Jones was the first Nuu-chah-nulth First Nations representative on the board when she was elected in 2014.
“As a First Nations woman, I know that access and inclusion are vital for all students. All students deserve to have a safe and accepting learn environment,” Jones wrote in her 2018 election profile.
Jones had said if elected, she would “work towards better solutions around special needs and First Nations language and cultural curriculum. We need to utilize resources that are being developed in these areas and implement them, “ she added, “for example holistic approaches in learning and the Truth and Reconciliation recommendations.”
Having Watts—also Tseshaht—on the board is important, Ransom said, because it will mean a strong Indigenous voice will continue to be heard.
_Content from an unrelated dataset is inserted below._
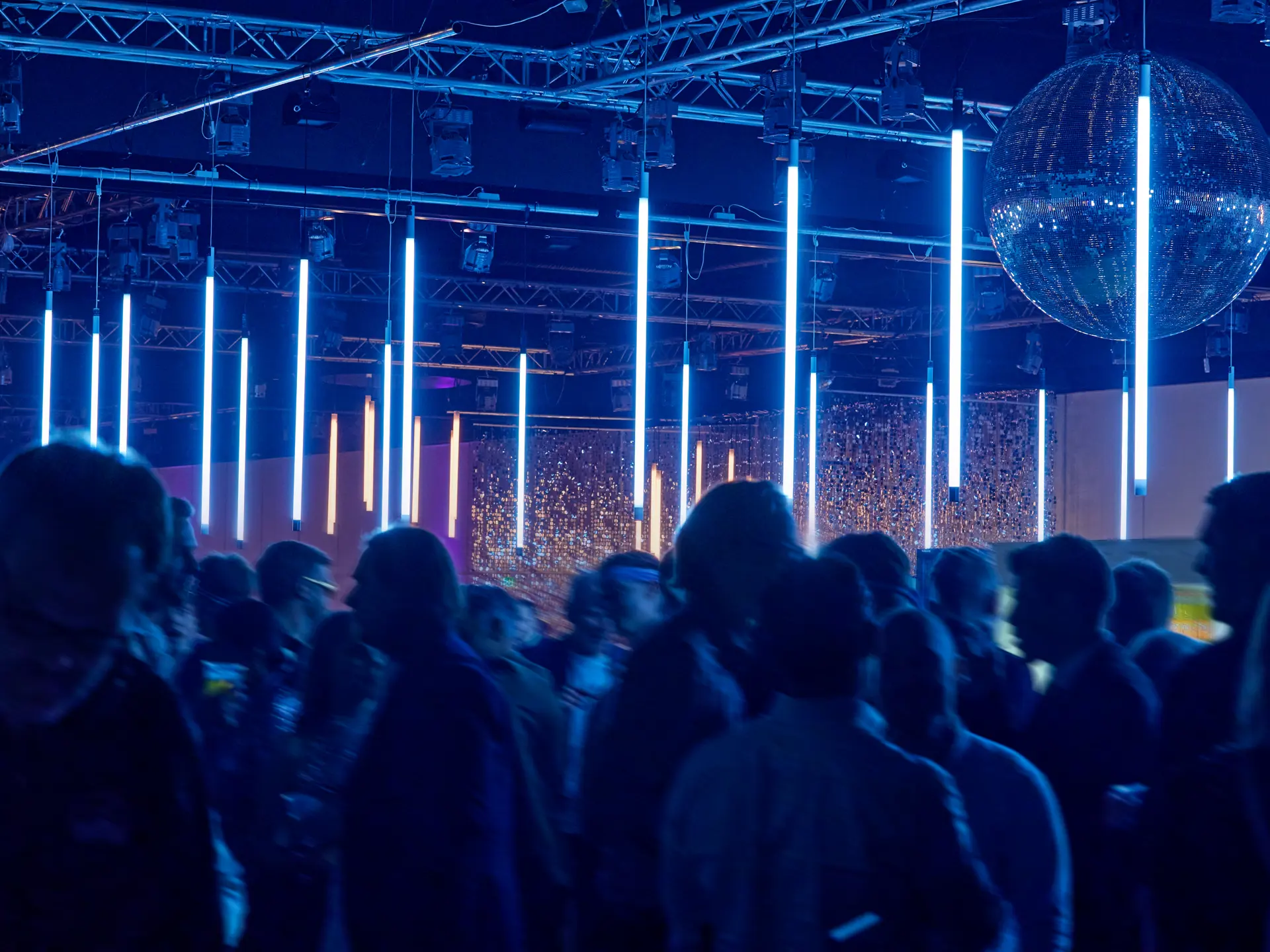 Dansende gæster under blå lysinstallationer og diskokugle til julefrokost i Bella Center.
Maintaining a Nuu-chah-nulth voice on the board “is extremely important,” he said. “When Jane came on board she brought a voice from that community and we’ve been able to build our relationships even stronger than we already have.
“I’m looking forward to working with Connie and with her community. It’s wonderful that they are still a part of our group.”
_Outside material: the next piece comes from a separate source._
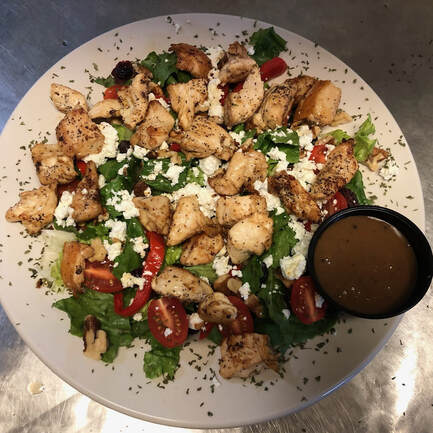 nutty goat cheese salad with chicken at jades bar and restaurant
Watts is well known both in the Alberni Valley as well as further abroad. She is an artist renowned for her public artwork, from a sculpture in front of the BC Hydro building and in downtown Parksville to a memorial piece honouring residential school survivors near the Nuu-chah-nulth Tribal Council building, and countless paintings and other media in public and private galleries around the world.
Watts has two university degrees and some learning from the school of hard knocks: after suffering from a double skull fracture, she lost her ability to read and write, and had to re-learn things that she once took for granted.
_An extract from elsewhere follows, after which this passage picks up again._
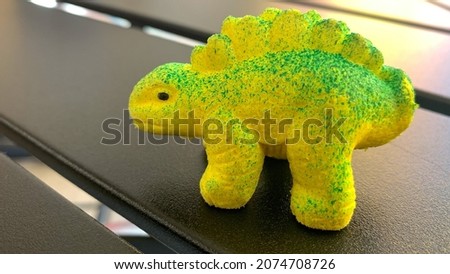 Small greenish yellow dinosaur toy on a solid black metal table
“When I was recovering, I turn to education. I earned my second degree in Fine Arts from Emily Carr University. This journey has instilled a deep compassion and understanding for the variety of teaching methods need to reach all students,” she said.
In her election profile, she also said her culture and heritage help guide her.
“I was raised with our First Nations’ values and ways: where great love, support and help surrounded you, so you can reach your true potential,” she said.
“I will work to build respect through information and open communication. I want to ensure the voices of teachers, parents and students are heard in the development and implementation of the growing and changing curriculum.”